One of the world's most highly regarded regions for wine production as well as tourism, the Napa Valley was responsible for bringing worldwide recognition to California winemaking. In the 1960s, a few key wine families settled the area and hedged their bets on the valley's world-class winemaking potential—and they were right.
The Napa wine industry really took off in the 1980s, when producers scooped up vineyard lands and planted vines throughout the county. A number of wineries emerged, and today Napa is home to hundreds of producers ranging from boutique to corporate. Cabernet Sauvignon is definitely the grape of choice here, with many winemakers also focusing on Bordeaux blends. Napa whites are usually Chardonnay and Sauvignon Blanc.
Within the Napa Valley lie many smaller sub-AVAs that claim specific characteristics based on situation, slope and soil. Farthest south and coolest from the influence of the San Pablo Bay is Carneros, followed by Coombsville to its northeast and then Yountville, Oakville and Rutherford. Above those are the warm St. Helena and the valley's newest and hottest AVA, Calistoga. These areas follow the valley floor and are known generally for creating rich, dense, complex and smooth reds with good aging potential. The mountain sub appellations, nestled on the slopes overlooking the valley AVAs, include Stags Leap District, Atlas Peak, Chiles Valley (farther east), Howell Mountain, Mt. Veeder, Spring Mountain District and Diamond Mountain District. Wines from the mountain regions are often more structured and firm, benefiting from a lot of time in the bottle to evolve and soften.
One of the most popular and versatile white wine grapes, Chardonnay offers a wide range of flavors and styles depending on where it is grown and how it is made. While practically every country in the wine producing world grows it, Chardonnay from its Burgundian homeland produces some of the most remarkable and longest lived examples. As far as cellar potential, white Burgundy rivals the world’s other age-worthy whites like Riesling or botrytized Semillon. California is Chardonnay’s second most important home, where both oaky, buttery styles and leaner, European-inspired wines enjoy great popularity. Oregon, Australia and South America are also significant producers of Chardonnay.
In the Glass
When planted on cool sites, Chardonnay flavors tend towards grapefruit, lemon zest, green apple, celery leaf and wet flint, while warmer locations coax out richer, more tropical flavors of melon, peach and pineapple. Oak can add notes of vanilla, coconut and spice, while malolactic fermentation imparts a soft and creamy texture.

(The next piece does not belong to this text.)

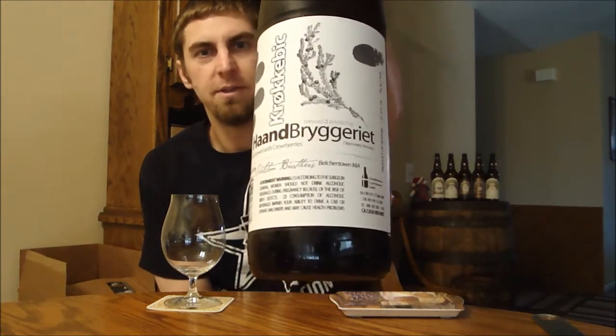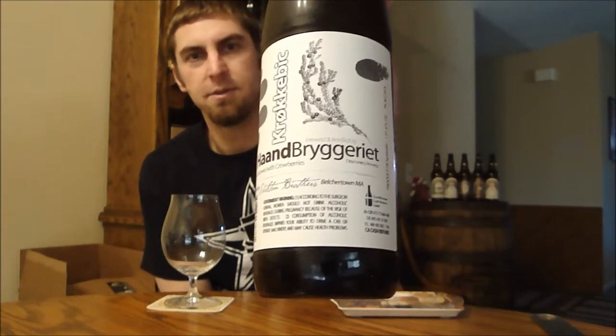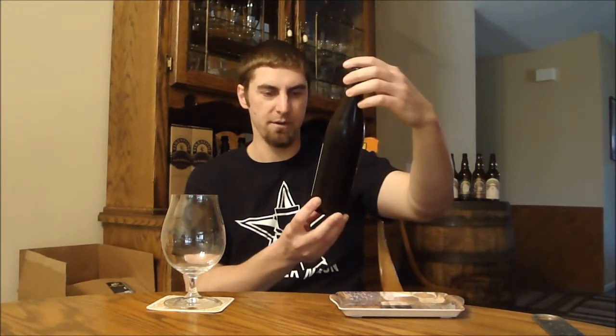We're going to look at another beer from the Ham Brewery in Norway. I really enjoyed their Humbok, which was sort of like an Imperial Flanders Red Ale. And this one — I'm going to butcher this name — is Krokebeck.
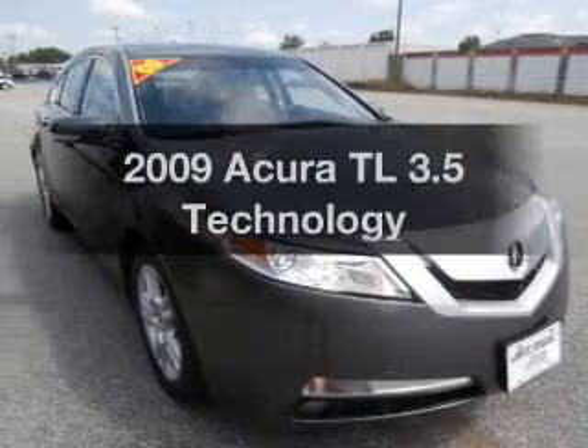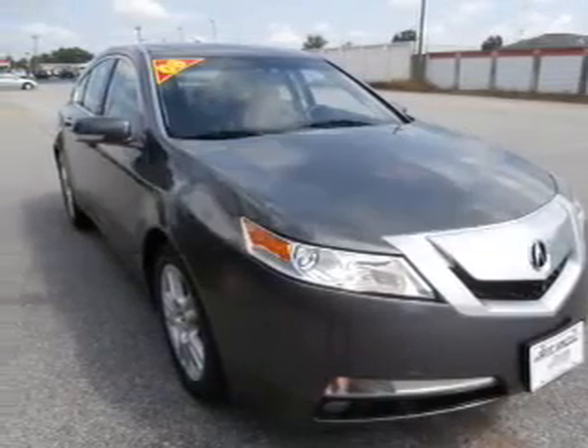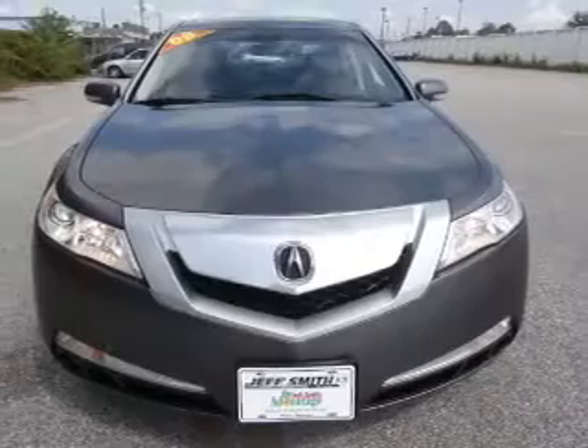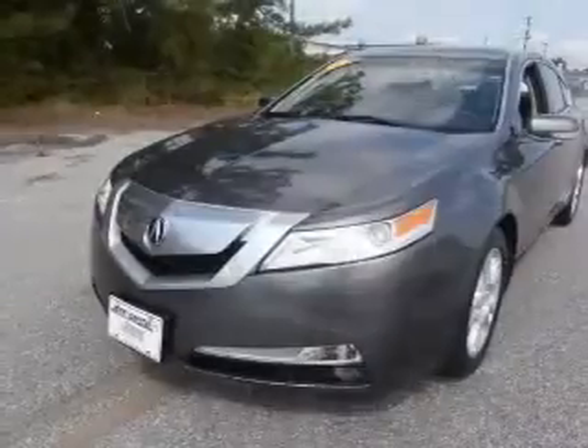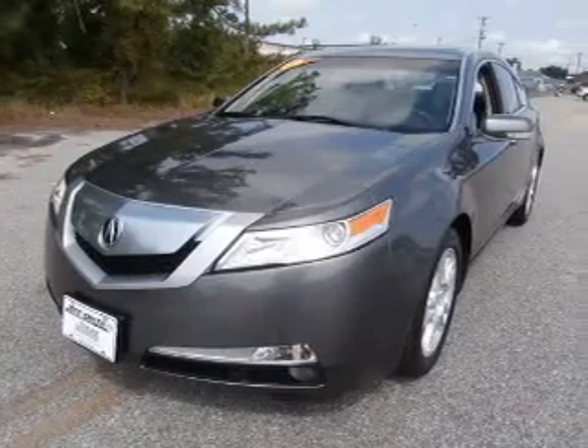Imagine yourself in this 2009 Acura TL. This is the set of wheels you've been looking for, with a solid 6-cylinder engine. The powertrain includes front wheel drive, driven by a 5-speed automatic transmission.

Chardonnay is as versatile at the table as it is in the vineyard. The crisp, clean, Chablis-like styles go well with flaky white fish with herbs, scallops, turkey breast and soft cheeses. Richer Chardonnays marry well with lobster, crab, salmon, roasted chicken and creamy sauces.
Since the 1990s, big, oaky, buttery Chardonnays from California have enjoyed explosive popularity. More recently, the pendulum has begun to swing in the opposite direction, towards a clean, crisp style that rarely utilizes new oak. In Burgundy, the subregion of Chablis, while typically employing the use of older oak barrels, produces a similar bright and acid-driven style. Anyone who doesn't like oaky Chardonnay would likely enjoy its lighter style.